Improve diagnostics for non XID characters in identifiers #86102

Manishearth · 2021-06-07T15:17:26Z

fn main() {
    let 🦀 = "Manish";
}

errors with

error: unknown start of token: \u{1f980}
 --> src/main.rs:2:9
  |
2 |     let 🦀 = "Manish";

For non-ASCII characters, we should perhaps error with something better. I don't know what the error text should be (cc @estebank), because it's not just emoji, and there's no easy way to define "XID characters" without just linking to the spec, which seems bad. Maybe we can link to the reference?

Tagging as easy since the implementation isn't tricky, but we will probably need to figure out a good error message.

The text was updated successfully, but these errors were encountered:

estebank · 2021-06-07T20:50:01Z

We probably should rework the parser to accept these as identifiers, and reject them in a later pass.

Manishearth · 2021-06-07T21:12:15Z

@estebank It's not that simple, bear in mind that this includes other punctuation characters and whitespace and such. A lot of these things are not identifier-like. We may need to figure out a heuristic for identifier-like, or we can just show a better error for all cases.

jeanlucthumm · 2021-06-08T00:53:52Z

@rustbot claim

estebank · 2021-06-08T17:08:16Z

It's not that simple, bear in mind that this includes other punctuation characters and whitespace and such. A lot of these things are not identifier-like.

That's fair. I left out that the recovery should be sane and only be done for things that could be an identifier, but completely agree.

We may need to figure out a heuristic for identifier-like, or we can just show a better error for all cases.

That is something that applies to all errors 🌲

Manishearth · 2021-06-08T17:50:37Z

Note that it is possible to use unicode general categories to tell "could be identifier" apart from "probably not" but it's still iffy.

jeanlucthumm · 2021-06-08T21:15:09Z

How does the E-mentor tag work in this case?
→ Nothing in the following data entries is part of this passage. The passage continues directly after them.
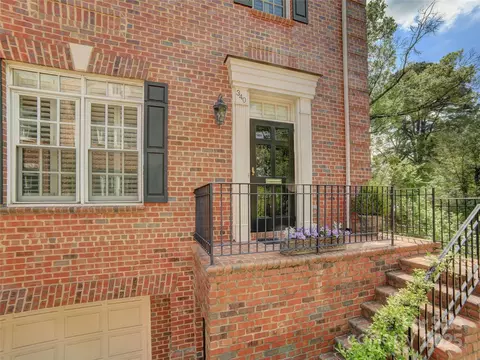 352 S Laurel Ave, Charlotte, NC 28207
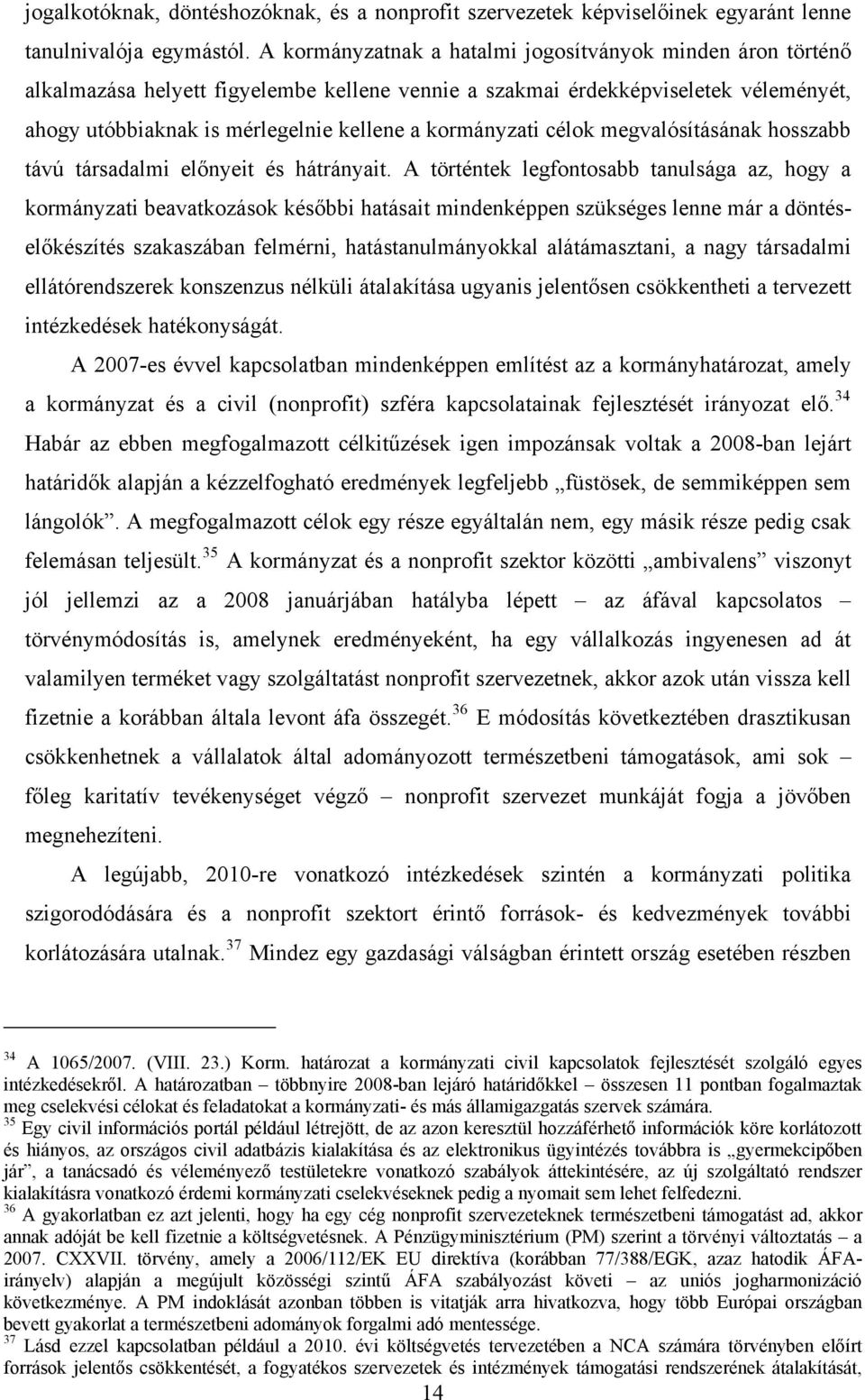 kormányzati célok megvalósításának hosszabb távú társadalmi előnyeit és hátrányait.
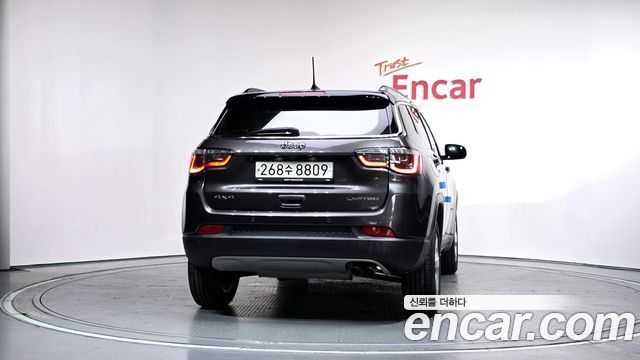 Jeep Compass 2-го поколения 2.4 Limitied AWD - фото 3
I'm not sure who my point of contact is.

Manishearth · 2021-06-08T21:59:48Z

@jeanlucthumm just ask questions here, I'll help

jeanlucthumm · 2021-06-17T02:41:22Z

It's not that simple, bear in mind that this includes other punctuation characters and whitespace and such. A lot of these things are not identifier-like. We may need to figure out a heuristic for identifier-like, or we can just show a better error for all cases.

@Manishearth Would it be wrong to say that anything we don't explicitly call punctuation in the lexer is just identifier-like by default? Because we have a well defined set of what we use as punctuation, e.g. ? and {, so if you're trying to use unicode characters that aren't part of that set you're almost certainly trying to use them as identifiers. That's the only part of the program that users have "control" over, everything else is set in stone. In other words, it wouldn't make sense to have a user try to use 𓃄 instead of an open bracket, but it would make more sense for people to experiment with what they can label variables with, including 𓃄. That's exactly what happened here when you tried to use an emoji. And for a lot of characters, like 𓃄, it would be genuinely impossible to determine if they are more identifier like or punctuation like anyways.

Also, the only other case I can think of where you would use non-XID characters that were also not intended to be part of an identifier, is if you accidentally typoed them in a place were identifiers cannot semantically be. But in the off chance this happens, the error message would still be more than enough to let you know you have a random typo, and I don't think having the compiler label the character as a potential identifier would confuse the user enough to prevent them from fixing it.

If we don't consider that wrong, then a satisfactory solution would be to link them to the formal identifier definition.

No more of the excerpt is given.